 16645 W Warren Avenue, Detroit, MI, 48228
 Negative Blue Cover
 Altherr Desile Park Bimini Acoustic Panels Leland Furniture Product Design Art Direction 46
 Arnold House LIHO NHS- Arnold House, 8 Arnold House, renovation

--

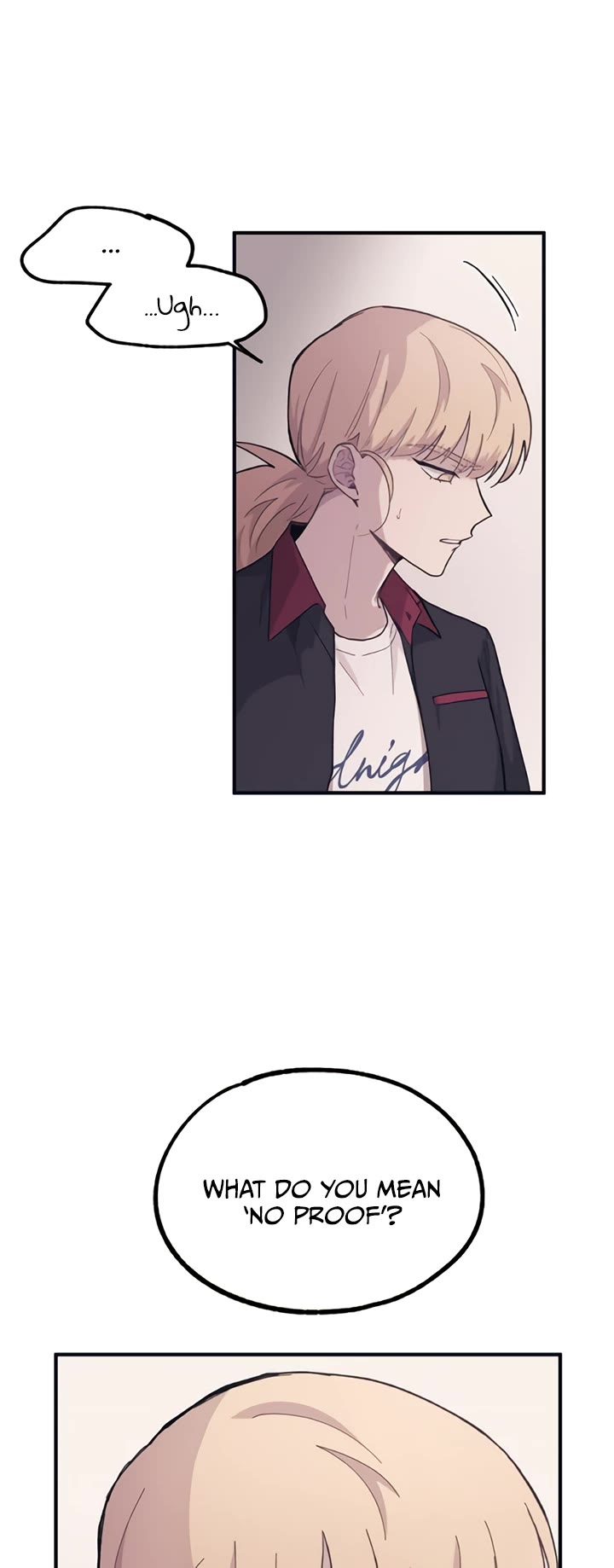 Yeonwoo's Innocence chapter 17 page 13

--

YOUR OBJECTIVE: Above are the records; print exactly the lines from the line with "16645 W Warren Avenue, Detroit, MI, 48228" to the line with "Arnold House LIHO", including both, and nothing else.

WRITTEN RESPONSE:
 16645 W Warren Avenue, Detroit, MI, 48228
 Negative Blue Cover
 Altherr Desile Park Bimini Acoustic Panels Leland Furniture Product Design Art Direction 46
 Arnold House LIHO NHS- Arnold House, 8 Arnold House, renovation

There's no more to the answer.